An INNER JOIN combines rows from two or more tables based on a related column, returning only the rows with matches in both tables. Here’s an example using the employees and departments tables:
SELECT employees.employee_id, employees.employee_name, departments.department_name FROM employees INNER JOIN departments ON employees.department_id = departments.department_id;
A LEFT JOIN returns all records from the left table and the matched records from the right table. If there is no match, the result is NULL on the right side. Here’s an example with orders and customers:
SELECT orders.order_id, orders.order_date, customers.customer_name FROM orders LEFT JOIN customers ON orders.customer_id = customers.customer_id;
If there are no matching rows in customers, customer_name will be NULL.

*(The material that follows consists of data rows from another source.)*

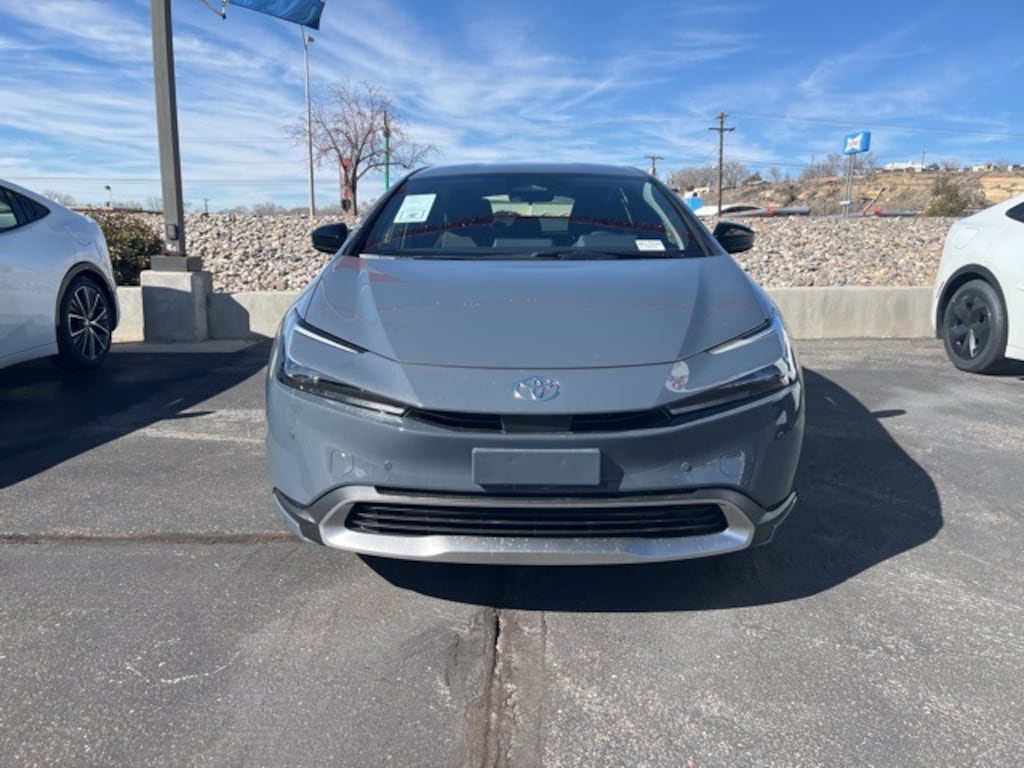 New 2026 Toyota Prius Plug-in Hybrid SE PLUG-IN HYBRID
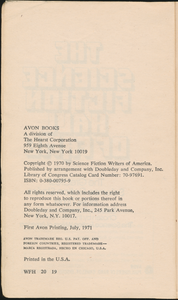 The Science Fiction Hall of Fame Volume I: The Greatest Science Fiction Stories of All Time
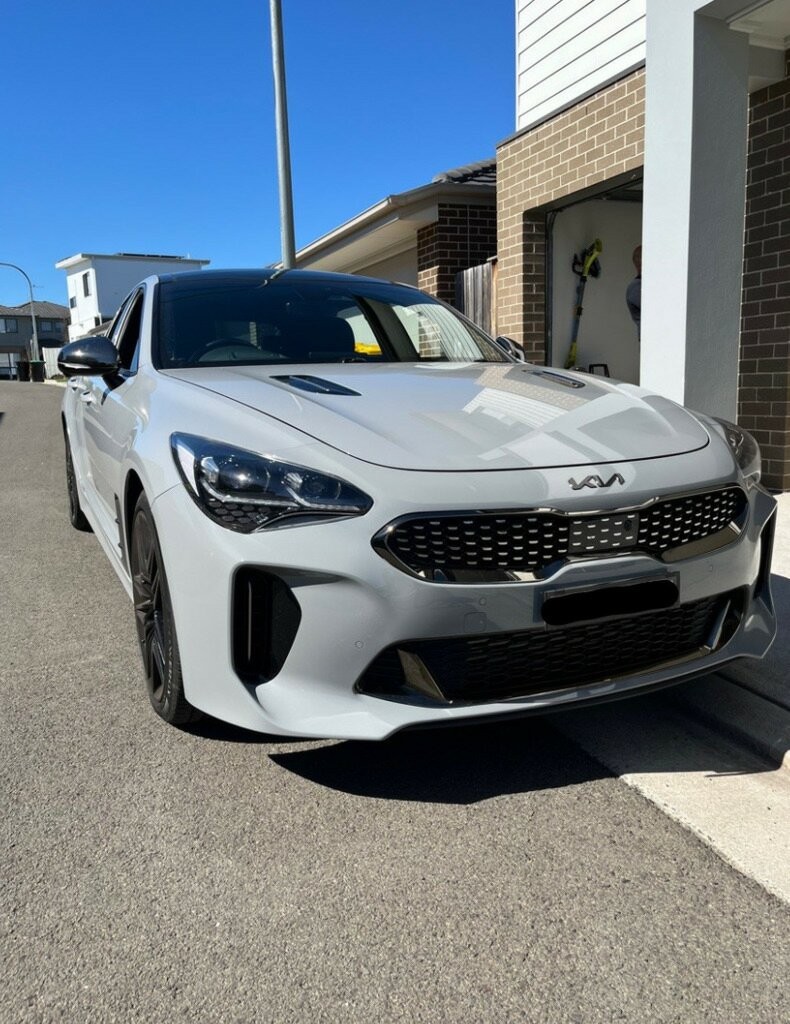 Kia Stinger image 3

A RIGHT JOIN returns all records from the right table and the matched records from the left table. If there is no match, the result is NULL on the left side. Here’s an example with products and suppliers:
SELECT products.product_id, products.product_name, suppliers.supplier_id, suppliers.supplier_name FROM products RIGHT JOIN suppliers ON products.supplier_id = suppliers.supplier_id;
If a supplier has no associated products, product_id and product_name will be NULL.

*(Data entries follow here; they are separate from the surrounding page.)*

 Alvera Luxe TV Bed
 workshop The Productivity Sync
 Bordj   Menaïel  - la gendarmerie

A FULL OUTER JOIN returns all records when there is a match in either table. If there is no match, the result is NULL on the side without a match. Here’s an example with students and courses:
SELECT students.student_id, students.student_name, courses.course_id, courses.course_name FROM students FULL OUTER JOIN courses ON students.student_id = courses.student_id;
The result includes all records from both tables, with NULLs where there are no matches.
A self-join compares rows within the same table. To find pairs of employees in the same department:
SELECT e1.employee_id AS Employee1, e2.employee_id AS Employee2, e1.department_id FROM employees e1 JOIN employees e2 ON e1.department_id = e2.department_id WHERE e1.employee_id < e2.employee_id;
This query uses table aliases and ensures each pair is listed only once.
To join users and transactions while handling NULL values, use a LEFT JOIN and COALESCE:
SELECT users.user_id, users.user_name, transactions.transaction_id, COALESCE(transactions.amount, 0) AS amount FROM users LEFT JOIN transactions ON users.user_id = transactions.user_id;
COALESCE replaces NULLs in transactions.amount with 0.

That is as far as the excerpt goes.